Too Much Eyeliner
While we at the Panels take some time off to rest and catch up on our reading, we’re re-running some of our favorite posts from the last few months. Enjoy our highlight reel, and we’ll be back with new stuff on Monday, January 5th.
This post originally ran October 15, 2014.
__________
When I was a young teen, my parents let me draw on the walls of my bedroom with paint markers. I drew all sorts of pop-culture “graffiti,” sayings and pictures from movies and books. Needless to say, I drew many comic-book-inspired things. I’m not a great artist. I’m not any sort of artist. But I can copy things reasonably well. And the one thing I drew time and again on the walls of my bedroom were John Romita, Jr. and Paul Smith eyes.
The extreme-close-up panel of a character’s eyes was a mainstay of the X-Men comics of my youth. Inevitably with a word balloon or two of dialog, often just a single word in bold. I recall panels of Wolverine growling something, of Dagger with her eye-light special effect, I remember panels of Rachel Summers, of Rogue, or Storm. The panels always indicated extreme emotion – shock, rage, determination. Close-ups of eyes meant business was getting serious.
And everybody had extreme amounts of eyeliner.
Part of this is merely the nature of art. I mean, one has to outline the eye somehow, right? And in the four-color days of the early 80s comics, all details were picked out in heavy black ink. That’s what detail meant. The colors certainly weren’t going to do the work! I still own comics with confusing color errors, slipped plates in the process that mis-colored pages at a time.
Facial features were made of inks. Emotions were carried by dramatically exaggerated facial features. And the X-Men comics were intensely melodramatic comics comprised of emotional highs and lows without let-up.
Digression: I love the manga titles that I do because they are so intensely melodramatic. Entire pages are devoted to a single emotional beat, in panel after panel of relentless depiction. I firmly believe that the X-Men comics of the 80s prepared me for a later love of manga. End digression.
The other reason, I suspect, that all my X-Men wore eyeliner was that this was the 1980s. All pop culture figures wore visible eyeliner. It was endemic. And Smith and Romita, Jr., seemed to work to capture the pop feel of the day. Their characters changed clothes frequently, wore current trends, cut and colored their hair, and in general moved through a world whose backdrop could have appeared in a Duran Duran or Madonna video.

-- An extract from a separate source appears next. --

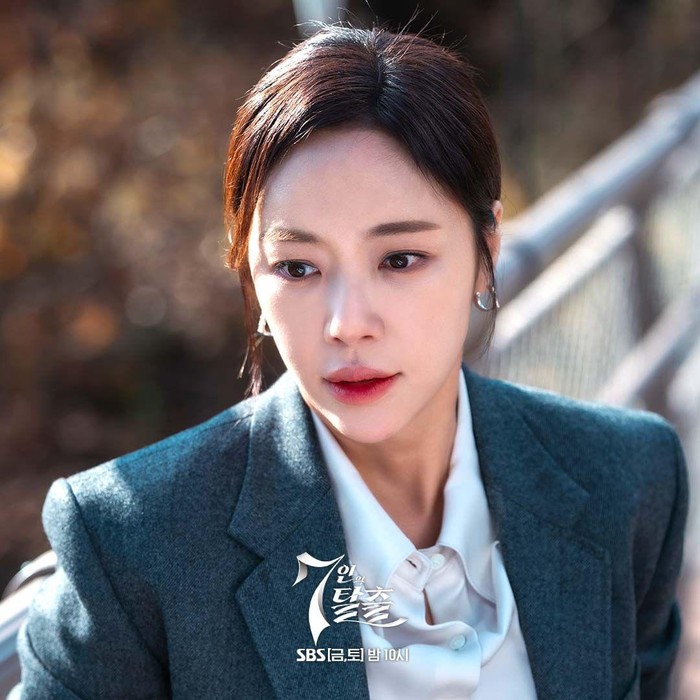 Hwang Jung Eum di The Escape of the Seven (2023)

Everybody had eyeliner. And eyes meant feelings. So eyeliner came to mean strong emotion in my visual lexicon. And I am a sucker for melodramatically emotional superhero stories. The contrast between the imposing physical gifts, the offensive and defensive combative power, and the intense emotional vulnerability is my damn kryptonite. I love seeing crazy power temporarily mis-used by the distraught. Uncanny X-Men #200, “The Trial of Magneto,” with both Fenris going out of control and Rachel Summers doing the same. Or New Mutants #35, with Our Heroes suffering PTSD after being killed and brought back from the dead. Or Uncanny X-Men #196, with Rachel Summers blasting some college students for hurting Kitty Pryde.
Here’s the thing which you’ve got to remember about super-powers: it’s all metaphor.
Here’s the thing you’ve got to remember about emotions: they are hard to control.
The power-blast in conjunction with the eyeliner close-up isn’t just about a dramatic beat. It’s the visible making-real of the sensation of losing control of one’s self. The eyeliner close-up is the moment either just before or just after one has dropped one’s superego on the floor and the id has gone screaming across the room for everyone to see. The eyeliner close-up is the moment in which the rational, reasonable human falters and fails and raw feelings rise up before the assembled world
All of these scenes have the eye close-up. All of these scenes have too much eyeliner. And I am a sucker for the out-of-control eyeliner shot to this day.